The Fifth Amendment states in part that no "person [shall] be subject for the same offence to be twice put in jeopardy of life or limb." U.S. Const. Amend. V. The Double Jeopardy Clause protects individuals against three distinct violations: (1) "a second prosecution for the same offense after acquittal"; (2) "a second prosecution for the same offense after conviction"; and (3) "multiple punishments for the same offense." North Carolina v. Pearce, 395 U.S. 711, 717 (1969), overruled on other grounds, Alabama v. Smith, 490 U.S. 794 (1989). Downs relies upon the third of these abuses to argue that prison officials twice punished him for the same offense conduct that formed the basis of the disciplinary sanctions.
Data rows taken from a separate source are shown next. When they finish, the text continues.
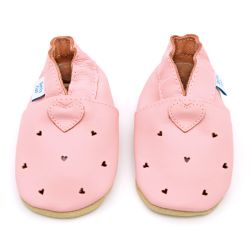 Pink leather baby girls shoes with cut out heart design by Dotty Fish 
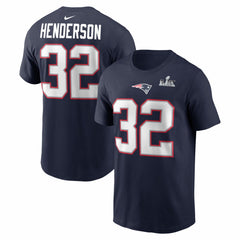 TreVeyon Henderson New England Patriots Super Bowl LX Patch Name & Number T-Shirt - Navy - Nike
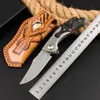 Top Quality H2551 High End Flipper Folding Knife VG10 Damascus Steel Blade Carbon Fiber with Damascus Steel Handle Outdoor Camping Hiking Survival EDC Pocket Knives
The Supreme Court has recognized, however, that the Double Jeopardy Clause does not prohibit the imposition of all additional sanctions that could, "in common parlance, be described as punishment." Hudson v. United States, 522 U.S. 93, 98-99 (1997) (internal quotation omitted)). The Clause protects only against the imposition of multiple criminal punishments for the same offense, id. at 99 (quotations omitted), and does not apply to proceedings that are not "essentially criminal." Breed v. Jones, 421 U.S. 519, 528 (1975). Prison disciplinary proceedings are not part of a criminal prosecution. Wolff, 418 U.S. at 556. Indeed, "prison officials have no authority to alter the inmates' original criminal sentences. They merely implement disciplinary proceedings that may, at most, change the conditions of the inmates' confinement for purposes of maintaining institutional order and encouraging compliance with prison rules." United States v. Mayes, 158 F.3d 1215, 1224 (11th Cir. 1998); see also Fogel v. Pierson, 435 F.3d 1252, 1262 (10th Cir. 2006) (disciplinary sanctions do not constitute criminal punishment for double jeopardy purposes). Downs has failed to state a claim under the Double Jeopardy Clause.
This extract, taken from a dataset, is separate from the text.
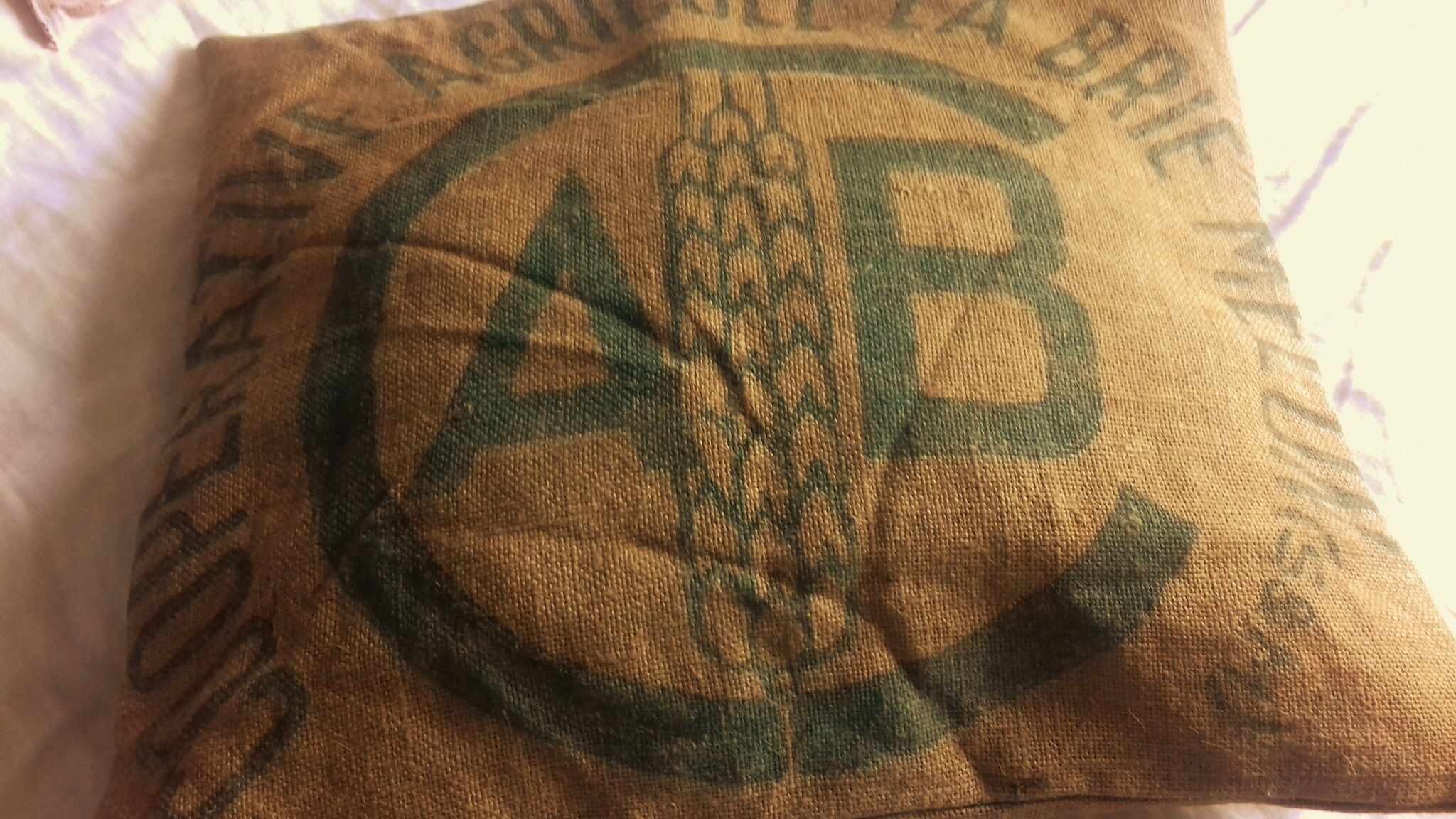 Burlap cushion green ECRE cooperative agricultural la Brie Melun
Finally, while prison employment may serve an important rehabilitative function, the law is well settled that a prisoner has no constitutional right to participate in an educational or rehabilitative program. See Moody v. Daggett, 429 U.S. 78, 88 at n. 9 (1976); (due process clause not implicated by prisoner classification and eligibility for rehabilitative programs, even where prisoner suffers "grievous loss"); Bulger v. United States Bureau of Prisons, 65 F.3d 48, 49 (5th Cir. 1995) ("Prisoner classification and eligibility for rehabilitation programs . . . are not directly subject to `due process' protections") (citing Moody, supra.). Downs had no constitutionally protected liberty interest in his UNICOR position in the FPI Factory; thus, his firing from this job did not demonstrate the violation of a constitutionally protected right, as is necessary to maintain a due process claim. Under the analytical framework which the Supreme Court set out in Sandin v. Conner, 515 U.S. 472 (1995), termination from a UNICOR job is not an atypical or significant hardship in relation to the ordinary incidents or prison life, and so no constitutionally protected liberty interest was infringed. Id. at 485.
For the aforementioned reasons, Defendant's Motions to Dismiss or, in the Alternative, for Summary Judgment, treated as motions for summary judgment, shall be granted. A separate Order follows.